ASANDA GCOYI: SA tobacco bill clouds the issues
Studies show the government is mistaken in treating electronic products as the equivalent of cigarettes
One in three South Africans is looking for a job. This is according to Stats SA’s most recent quarterly labour force survey, which notes that unemployment in the country is at a record high 34.4%. And it’s not about to get any better given the ongoing effects of the Covid-19 pandemic as well as the unrest in the country earlier this year.
The pandemic and unrest are not the only forces at play, though. SA’s poor record of developing and implementing sound public policies is as much a contributing factor, if not more so. More often than not public policy tends to be influenced by ideological considerations instead of scientific and economic evidence. This despite government efforts to institutionalise processes such as the socio-economic impact assessment system, which is designed to ensure policies are rational, implementable, and take the costs and benefits for all affected parties into account.
The Economic Reconstruction & Recovery Plan, introduced in October 2020, states that “government is determined to create more employment opportunities for those who were unemployed before the pandemic or who had given up looking for work. This means unleashing the potential of the economy by, among other things, implementing necessary reforms, removing regulatory barriers that increase costs, and creating inefficiencies in the economy, securing energy supply and freeing up digital infrastructure.”
Yet government intends to introduce policies that create more regulatory barriers for industries that could be leveraged to assist in creating more employment opportunities and reduce the burden on SA’s health infrastructure, which has taken strain during the Covid-19 pandemic.
One such industry is the nascent vapour products industry. The government is intent on creating the impression that vapour products are the equivalent of cigarettes. However, studies by organisations such as the UK’s Royal College of Physicians and Public Health England have found the hazard to health arising from long-term vapour inhalation from the e-cigarettes available today is unlikely to exceed 5% of the harm from smoking tobacco. This is supported by the US National Academy of Sciences, which has also found that e-cigarettes have a lower harm profile than their combustible competition.
A new report by the Vapour Products Association of SA and NKC African Economics shows that burgeoning industries such as vapour products can contribute to job creation and overall economic growth. According to the study, the industry generated 3,800 jobs, paid R280m in taxes and made a R390m gross value-added contribution to the economy in 2019 — and that was just its direct impact. A broad overview of the sector shows it supports an additional 4,200 jobs, and a 40% and 31% spend with two adjacent industries — financial and business services and manufacturing.
These figures are nothing to scoff at, especially as the SA vapour products industry is still an emerging one. Unfortunately, this contribution to both the economy and health sector could all be unravelled by the Control of Tobacco Products & Electronic Nicotine Delivery Systems Bill of 2018, which proposes numerous regulations for electronic nicotine delivery systems (vapes) such as plain packaging, unjustifiable graphic health warnings and a ban on use in public.
This is on top of efforts by government to introduce excise duties on vaping products, ostensibly to discourage their use by making them more expensive. Not only is this view misdirected from a health perspective, but it does not take into account that the industry is still relatively new and needs time to grow to compete meaningfully with combustible tobacco.
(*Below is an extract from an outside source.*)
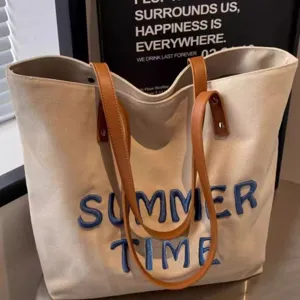 Large capacity canvas tote bag for women with embroidered blue letters casual shoulder bag.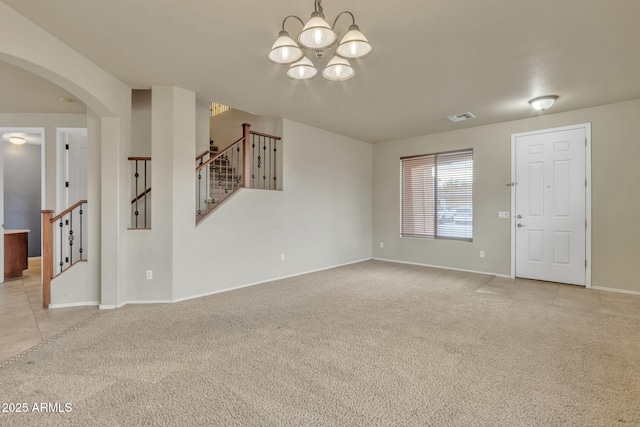 empty room featuring an inviting chandelier and light colored carpet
The bill will hamper the industry’s ability to create employment while giving combustible tobacco free rein over the health of South Africans. A ban on online sales and health distribution channels could result in a 17% decline in overall sales. The knock-on effect would be immense: an estimated 5.8% reduction in sales, meaning fewer smokers opting for the harm-reduced alternative of vapour products over cigarettes, and a potential return to tobacco by former smokers now vaping. It would also contribute to the already heavy non-communicable disease burden the country faces.
Data from the Global Entrepreneurship Monitor indicates that SMMEs are responsible for the majority of employment opportunities in SA. But it also shows that the country has one of the lowest creation rates of SMMEs. The vapour products industry is built on small and medium-sized enterprises such as independent vape shops and retailers. The bill is likely to hit them hardest. With fewer sales, the resulting direct job losses could amount to more than 2,300, adding to the country’s already high unemployment rate. This does not account for the job losses in related industries that would also be affected, namely manufacturing, transport & communication, trade & hospitality, and financial & business services.
During a parliamentary sitting earlier this month labour & employment minister Thulas Nxesi said: “The unemployment giant will not be killed by the department of employment & labour or by the government, but requires a collaborative effort.” For the vaping industry to play a meaningful role in SA’s economy, there needs to be a collaborative effort and clear, evidence-backed policy that supports economic growth.
• Gcoyi is CEO of the Vapour Products Association of SA.